Wednesday, January 28, 2015

Snail Trails


Each morning, I step out onto the back deck to greet the day. Take a few minutes to get the news— whether the first plum blossom has appeared (not yet), what the sky tells of today’s weather (sunny), was there a light rain during the night (alas, no). Today I noticed a patterned slimy trail on the deck. Never have seen a snail there, but apparently, there was some partying going on last night. (Or were they slugs?) At any rate, a refreshing change of view as to what constitutes “news” and much more palatable than the newspaper's daily horrors.

Back in college, I once saw a small art film showing the coming of dusk in a forest. Slow images panning over the landscape with the sounds of evening birds and gurgling creeks and such. It went on for five minutes or so, nothing dramatic happening, but the actual pace of most of life, small movements and little changes. My nervous system adapted to the soothing tempo, like the stately grandeur of a Bach Sarabande, no need to show off with the gale force winds of the Gigue or Courante, just settle into the depth of the moment.

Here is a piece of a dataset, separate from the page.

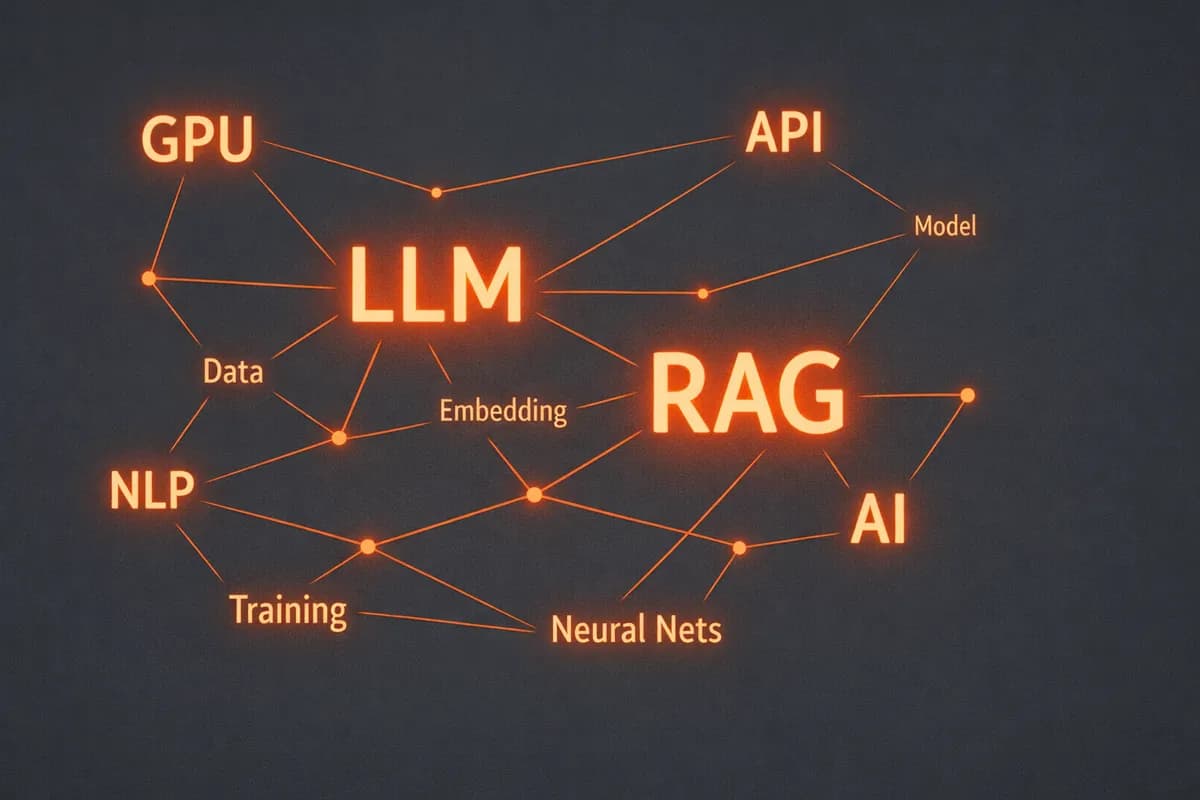 AI Glossary 2026 – Every Key Term Explained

And then appeared on the screen a haiku which instantly became my favorite:

                                                 The snail crawls
                                                 Two or three feet—
                                                 And the day is over.

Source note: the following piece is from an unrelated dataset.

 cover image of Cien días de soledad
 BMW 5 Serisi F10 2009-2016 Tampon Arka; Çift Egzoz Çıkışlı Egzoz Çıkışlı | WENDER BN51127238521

I vowed that this would be my guiding image and …Oops! Damn! I’m late for school!!!! Bye!!!!

Tuesday, January 27, 2015

Blame It on Bach


Been away from this blog for a few days now and I don’t like the feeling. But I have some pretty good excuses.

For starters, my two colleagues are halfway around the world spreading the good news of the Orff approach to harmonious living, leaving me alone at the salt mines to shoulder their schedule. Not that I’m complaining. I love getting back in touch with the kids I only pass in the hall or see in Singing Time (I officially teach every other grade, so half the school and I get a year off from each other). I love getting to teach two classical music pieces to the 7th graders, a curricular theme I created some 25 years ago, but have bequeathed to James and Sofia, who do it so well. I love being with the 3-year olds again! I like having the room stay just the way I leave it.

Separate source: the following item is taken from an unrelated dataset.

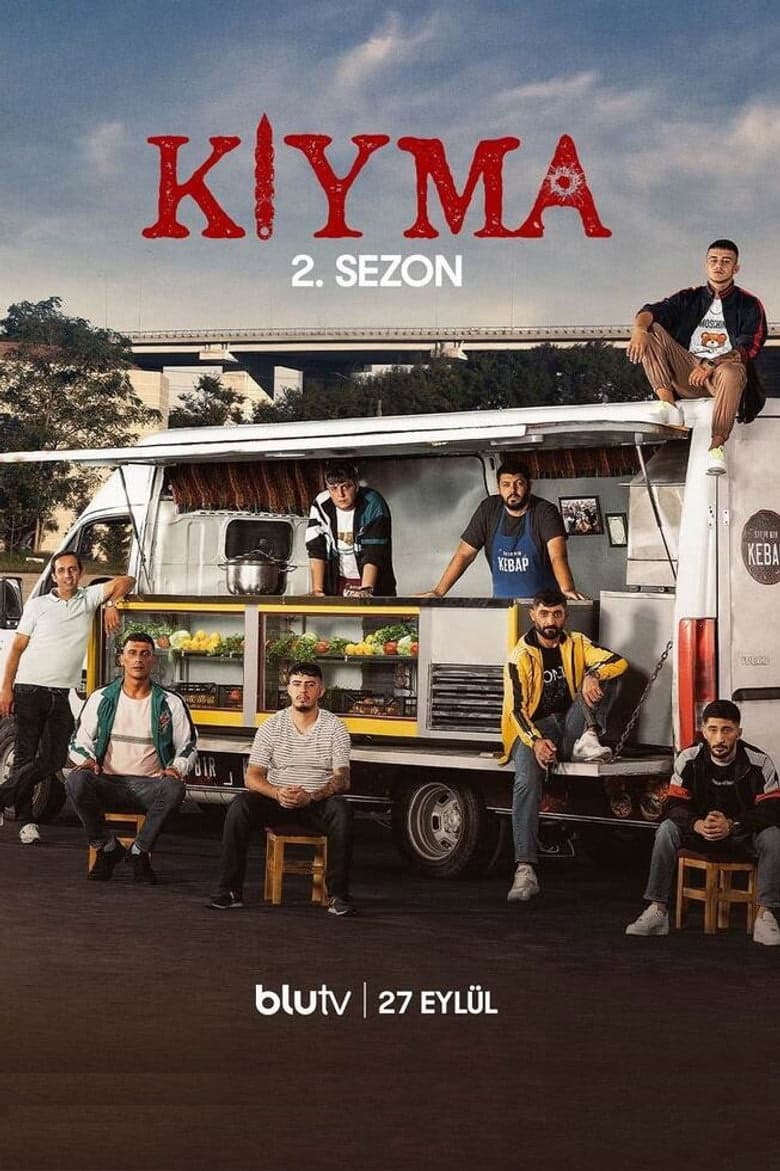 Kıyma 2. Sezon Posteri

Everyone talks about how great it is for the three of us to share our work and make no mistake, it is great! But it’s also work to give and take, to share space and materials, to constantly collaborate to make sure our curriculums are aligned. I wouldn’t give it up for the world, but it’s refreshing to have some time as the only show in town.

So, like I said, I’m not exactly shouldering this heavy schedule, more like juggling a few more balls in the air with the extra alertness and skill it takes. But there is a weight to the sheer number of classes and today, my long-time friend and boss of sorts said, “You look like crap.” Well, we have that kind of relationship and she was right. Maybe I’m really not as young as I used to be.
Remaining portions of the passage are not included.